Economising on culture
Europe is a home to six microstates – countries somewhat too small to get noticed on a 1:100M map. Among these you can find Vatican City, the state with the most weird citizenship policy; Andorra, the only country on Earth smart enough to be governed by a bishop and the President of France; San Marino, governed by a Captain since early 1600s; Malta, the group of islands that witnessed more regime changes than anyone else; Liechtenstein, the world’s largest false teeth producer; and Monaco, the land featuring the only casino almost owned by the state. These microstates are actually only small by size: GDPs per capita of each of them stand among the first 50 in CIA’s rankings, and all this during the economic downturn of last years. But let’s take a closer look on these small sovereign territories.
Vatican is obviously an odd man out here: it’s a purely functional state that serves as a home to the world’s largest chtistian church and some of the staff supporting it, mainly the highest governing organs and security services, around 600 people in total. The major part of Vatican City’s income was brought in by investments from the EU and by the revenues from tourism, not to mention the UNESCO World Heritage Sites valued between $10 billion and $15 billion in 2012. But anyway, that’s a country of a single organisation, independent or not. It’s artificial, therefore it doesn’t carry any interest. Other 5 are real countries, and some of them even more real than their bigger neighbours.
Andorra, for example, attracts 12 million tourists annually – that’s like an entire population of Greece – with its winter sports facilities, amazing views and tax-free goods and makes the visitors spend more than $2 billion each year which then settle down inside andorrans’ warm jacket pockets. And all that while having the population of just 85 thousand people. But nationals prefer to study abroad, to reside abroad and finally leave the country at some point, “giving space” for even more tourisrs each year. Having such an amazing history of being a sovereign nation since the 13th century, Andorra has absolutely unique cultural acievements that cannot be found in any other part of Europe but this huge social potential has been fully buried deep under the country’s new priorities – tourism and financial services.
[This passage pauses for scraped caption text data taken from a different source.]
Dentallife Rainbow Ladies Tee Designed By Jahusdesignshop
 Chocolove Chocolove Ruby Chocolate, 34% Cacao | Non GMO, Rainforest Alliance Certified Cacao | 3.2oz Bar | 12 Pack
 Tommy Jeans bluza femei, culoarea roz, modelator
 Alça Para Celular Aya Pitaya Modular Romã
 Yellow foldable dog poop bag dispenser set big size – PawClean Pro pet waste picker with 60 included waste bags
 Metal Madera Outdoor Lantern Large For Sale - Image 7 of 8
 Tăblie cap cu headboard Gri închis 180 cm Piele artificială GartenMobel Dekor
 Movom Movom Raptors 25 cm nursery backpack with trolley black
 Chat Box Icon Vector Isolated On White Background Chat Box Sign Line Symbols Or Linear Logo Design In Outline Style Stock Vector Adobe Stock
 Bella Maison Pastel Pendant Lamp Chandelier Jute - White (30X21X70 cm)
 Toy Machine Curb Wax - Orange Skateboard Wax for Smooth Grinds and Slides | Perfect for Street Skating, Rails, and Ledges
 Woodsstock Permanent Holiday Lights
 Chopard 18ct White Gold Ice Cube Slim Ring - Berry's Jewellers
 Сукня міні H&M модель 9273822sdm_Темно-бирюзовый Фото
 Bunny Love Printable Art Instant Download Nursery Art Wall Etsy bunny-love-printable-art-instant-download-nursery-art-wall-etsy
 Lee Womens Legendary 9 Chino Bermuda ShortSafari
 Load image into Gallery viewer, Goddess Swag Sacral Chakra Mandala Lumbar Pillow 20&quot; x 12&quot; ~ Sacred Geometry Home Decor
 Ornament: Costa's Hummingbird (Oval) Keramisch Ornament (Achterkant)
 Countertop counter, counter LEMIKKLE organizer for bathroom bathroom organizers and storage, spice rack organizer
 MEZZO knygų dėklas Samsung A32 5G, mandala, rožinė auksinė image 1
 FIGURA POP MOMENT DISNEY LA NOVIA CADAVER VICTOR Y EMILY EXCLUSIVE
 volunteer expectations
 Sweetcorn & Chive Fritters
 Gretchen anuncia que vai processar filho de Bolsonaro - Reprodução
Liechtenstein’s GDP is a bit bigger than Andorra’s, and this microstate seems to have paid somewhat more attention to its people. Vaduz, the capital, holds an extensive art collection and is a home to the world’s unique post stamp museum. And still, the most impressive private art collection of The Prince of Liechtenstein is currently situated in Vienna, Austria. San Marino’s historic centre is a current UNESCO World Heritage site, but have you ever heard about it before? I am almost sure that you did not. Malta? The beaches and parties in Paceville certainly attract much more tourists. Monaco? People don’t come to Monaco to visit a museum. The majority stays there just for a bunch of nice restaurants, some tax benefits and impressive gambling houses. Maybe a little of attention is drawn by The Rally of Monaco and the country’s rugby team, but the yachts standing at the marina receive much more amazed sights.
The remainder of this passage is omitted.